Sebenarnya saya takut menulis. Itu adalah ungkapan paling jujur saya. Tidak seperti kesukaan saya pada menulis, rasa takut saya jauh lebih besar. Saya takut orang lain akan mengenal saya. Saya takut orang lain akan berpikir tentang sesuatu yang tidak saya tahu dan tidak saya suka. Saya takut isi hati saya akan diketahui orang lain. Saya pun jadi takut menulis.
Tumpukan tulisan saya hanya menjadi pajangan di dalam folder-folder tak bergerak di dalam memory komputer. Sekali terkena virus, maka semuanya hilang. Beda jika saya berani mempublikasikannya. Berani membiarkan orang lain membacanya. Maka, tulisan saya meskipun tidak diingat bahkan diingat, tetapi setidaknya pernah di baca.
Katanya “tidak perlu berguna sekarang, suatu saat nanti pasti akan berguna.”
Katanya “kamu adalah apa yang kamu tulis”
Itu adalah ketakutan terbesar saya, ketika semua orang mengenal saya. Kenapa saya begitu takut orang lain mengenal saya. Seolah selama ini saya bersembunyi. Seolah selama ini saya hanya tinggal dengan topeng palsu. Seolah selama ini saya adalah seseorang yang sebenarnya tidak boleh diketahui khalayak ramai.
Tapi, saya hanya orang biasa. Lahir di kota kecil namun memiliki impian besar. Saya hanya orang biasa yang tidak bersembunyi. Saya hanya agak minder dengan ketidakpunyaan saya. Saya hanya pesimis dengan apa yang saya pikirkan. Saya hanya merasa kecil di antara dunia yang besar dan penuh intrik.
Saya akhirnya takut menulis. Takut membuka pikiran. Takut menyuarakan pendapat.
Tapi, takut saya bukan hanya pada menulis. Saya sebenarnya takut pada kata takut itu sendiri. Rasa takut yang saya rasakan menjadikannya sebagai kalimat yang entah mengapa mengalir dengan sendirinya bahkan tanpa saya saya pikirkan. Ia menjadi bersahabat dengan lidah saya. Sehingga tidak heran sebagian besar jawaban saya untuk pertanyaan orang lain adalah takut.
Saya benci sekali dengan takut. Dia tidak semengerikan yang kalian bayangkan. Dia sangat mengerikan. Mengikatmu dalam ketidakberdayaan. Mengunci mulutmu untuk mengatakan yang benar dan mengunci dirimu untuk melakukan yang bijak. Takut menggerogotimu hingga kakimu tidak mampu melangkah. Menghambatmu menuju masa depan yang kamu impikan.

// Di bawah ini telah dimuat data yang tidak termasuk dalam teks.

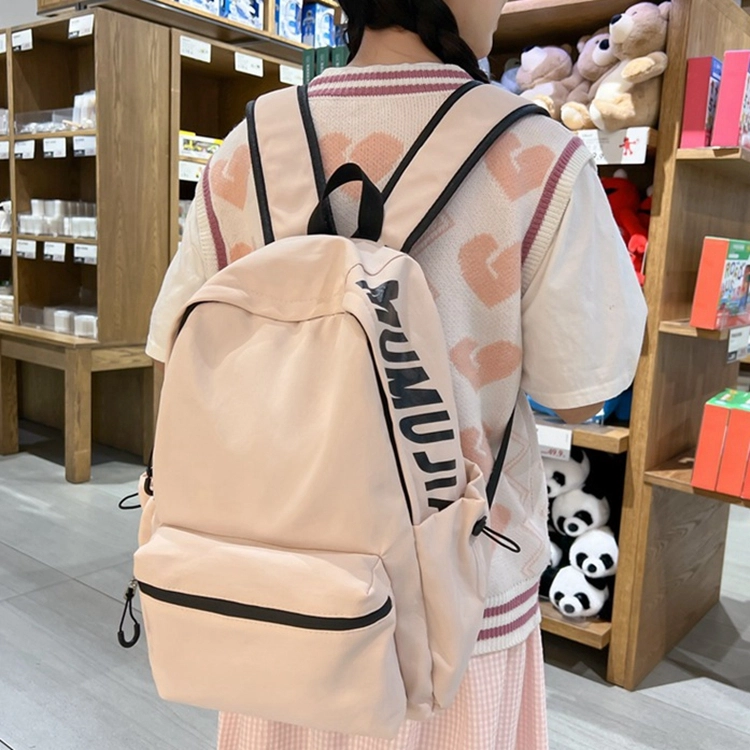 huangmu ins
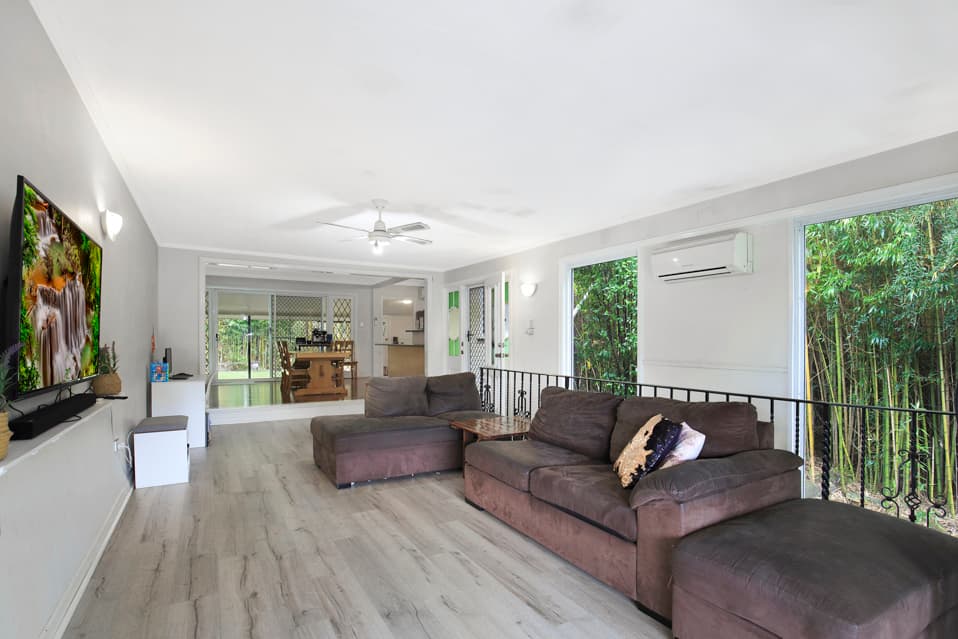 165 Indooroopilly Ro..., Taringa - Thumbnail 5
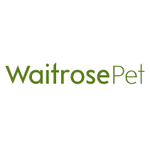 Waitrose Pet Care Promo Codes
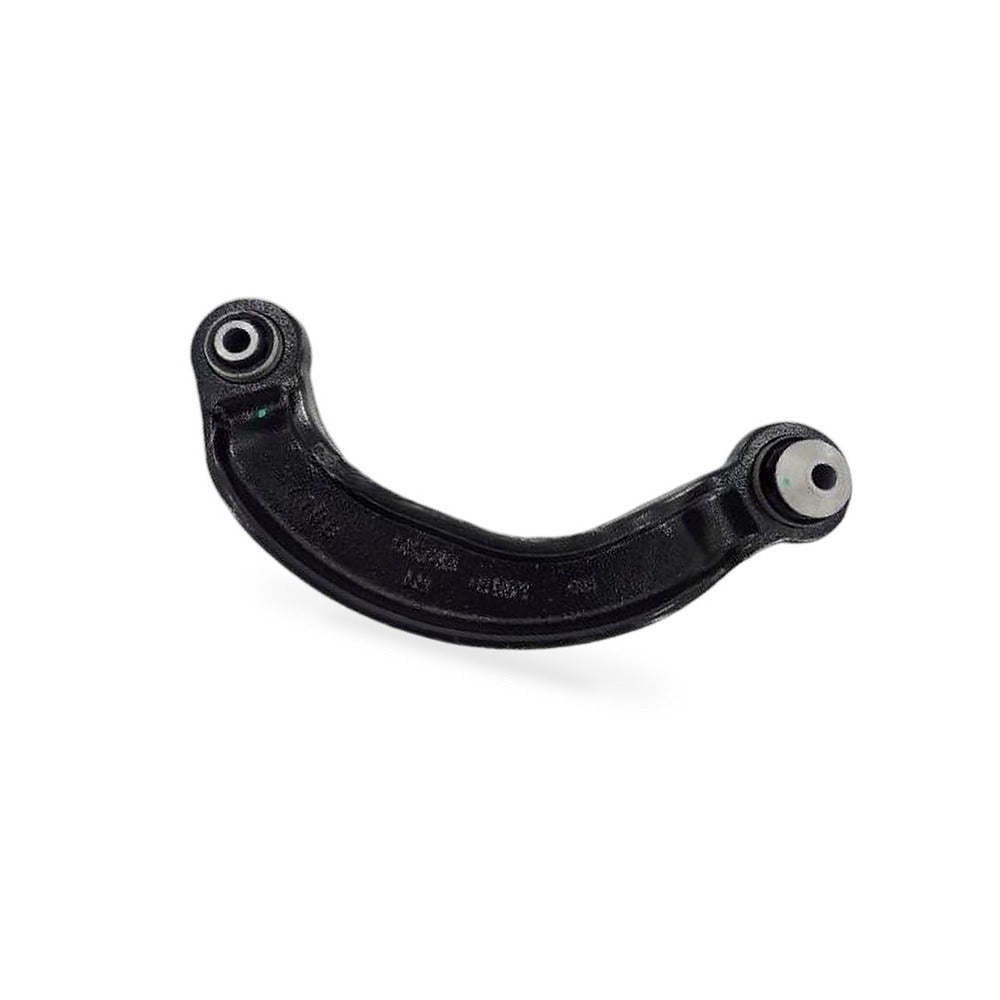 Rear Upper Left Suspension Control Arm Suitable for Ford Edge 2015-2020 AWD - BD1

Tapi, takut ternyata tidak salah. Ia sebenarnya tidak ada. Ia ternyata adalah dirimu sendiri. Saya sendiri yang telah menciptakannya. Saya sendiri yang membuat takut itu ada. Maka, cara terbaik untuk mengalahkan rasa takut itu adalah dengan melakukan hal-hal yang kita takutkan (Rumah di Seribu Ombak). Sehingga sampailah saya pada keputusan untuk menulis ini.